What is the residue of cot(z) at z=0?

[Dixanadu]

Homework Statement

So guys..the title says it! I need to find the residue of cot(z) at z=0.

Homework Equations

For this situation, since the pole order is 1

Residue=\lim_{z \to z_{0}}(z-z_{0})f(z)

The Attempt at a Solution

So here's what I am doing in steps:

First, the singularity is at z=0. So z_{0}=0.

Then I multiply both sides by (z-z_{0})=z...to get (z-z_{0})f(z)=zcot(z)

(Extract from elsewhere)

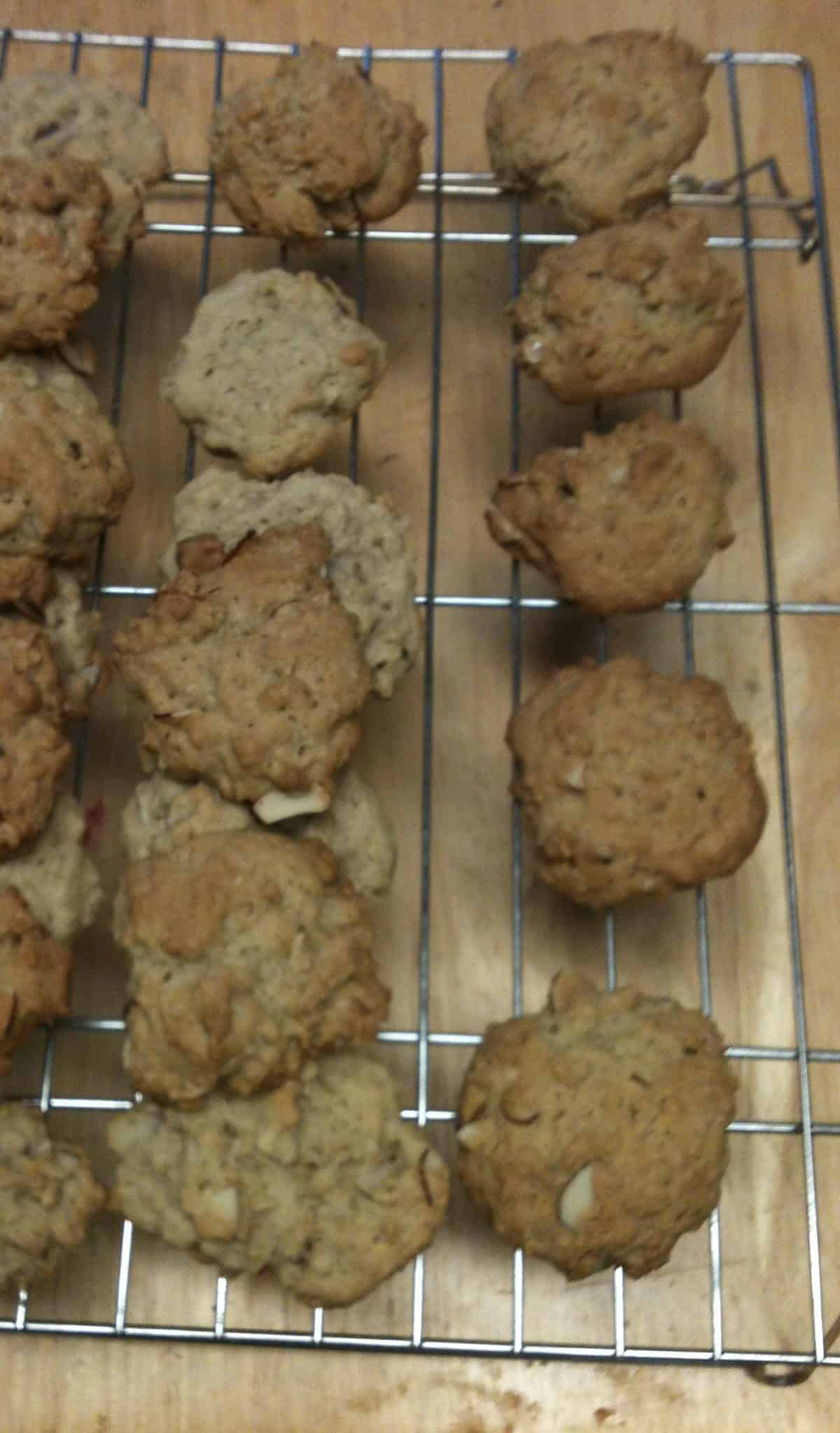 Carol's Oatmeal Cookies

Now taking the limit of this is as z = 0 is 0 \times \frac{cos(0)}{sin(0)}=0...but this is wrong, the residue is 1...

I know its something stupid that I am doing but what is it? even if i expand sin and cos I still end up with 0...

 

[B-80]

Study this argument carefully and see if that doesn't remind you of some elementary calculus:

0 \times \frac{cos(0)}{sin(0)}=0

 

[Dixanadu]

Yea I guess you're supposed to use L'Hopital's rule to find the behaviour of the function towards a limit...textbook didnt really say that

 

[B-80]

textbook didnt really say that

For most problems you encounter, there won't be a textbook to tell you anything at all. Take a minute to understand the trick.

 

[Dixanadu]

thanks for the hint tho bro!